The activation functions are chosen in a way that they clearly distinguish between active and inactive neurons. Only activated neurons are processed. These activations are expressed not only by a real valued number but also by an activation object.


The advantage of having activation objects is that, through them, Aika is able to cope with the relational structure of natural language text by making the activation relate to a specific segment of text. In a way these activations can be seen as text annotations that specify their start and end character.
Words, phrases and sentences are in a relation to each other through their sequential order. The assignment of text ranges and word positions to activations is a simple yet powerful representation of the relational structure of text and avoids some of the shortcomings of other representations such as bag of words or sliding window. Since the activations are propagated along through the network, synapses need to be able to manipulate the text range and the word position while the activations are passed on to the next neuron.
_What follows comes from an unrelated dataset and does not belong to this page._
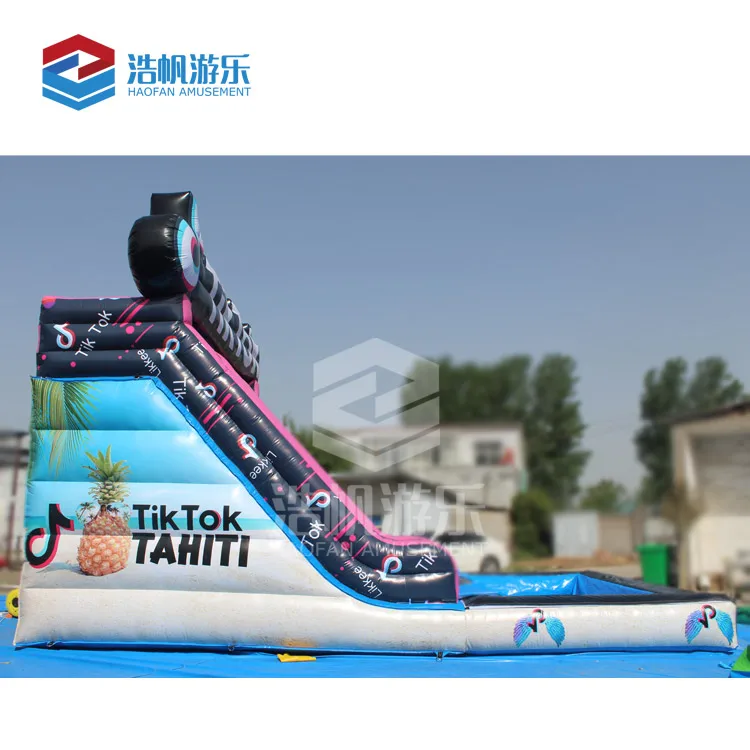 Cheap Custom Double Lane Inflatable Water Slide With Pool For Sale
One common problem when processing text is that of cyclic dependencies. In the example 'jackson cook' it is impossible to decide which word has to be resolved first, the forename or the surname, since both depend on each other. The word jackson can be recognized as a forename when the next word is a surname and the word cook can be recognized as a surname when the previous word is a forename. To tackle this problem Aika employs non-monotonic logic and is therefore able to derive multiple interpretations that are mutually exclusive. These interpretations are then weighted and only the strongest interpretation is returned as the result.
Consider the following network, which is able to determine whether a word, which has been recognized in a text, is a forename, surname, city name, or profession. If for instance the word "jackson" has been recognized in a text, it will trigger further activations in the two jackson entity neurons. Since both are connected through the inhibiting neuron only one of them can be active in the end. Aika will therefore generate two interpretations. But these interpretations are not limited to a single neuron. For instance if the word neuron cook gets activated too, the jackson forename entity and the cook surname entity will be part of the same interpretation. The forename and surname category links in this example form a positive feedback loop which reinforces this interpretation.

New interpretations are spawned if both input and output of a negative recurrent synapse get activated. In this case a conflict is generated. An interpretation is a conflict free set of activations. Therefore, if there are no conflicts during the processing of an input data set, only one interpretation will exist and the search for the best interpretation will end immediately. On the other hand, if there are conflicts between activations, a search needs to be performed which selects or excludes individual activations and tests how these changes affect the overall weights sum of all activations. This sum is also called the objective function \(f\) and can be stated in the following way: $$f = \sum\limits_{j \in Acts}{\min (-g_j, net_j)}$$ $$g_j = \sum\limits_{i = 0, w_{ij} < 0, w_{ij} \in Recurrent}^N{w_{ij}}$$ The value \(g_j\) is simply the sum of all negative feedback synapses. The intention behind this objective function is to measure a neurons ability to overcome the inhibiting input signals of other neurons.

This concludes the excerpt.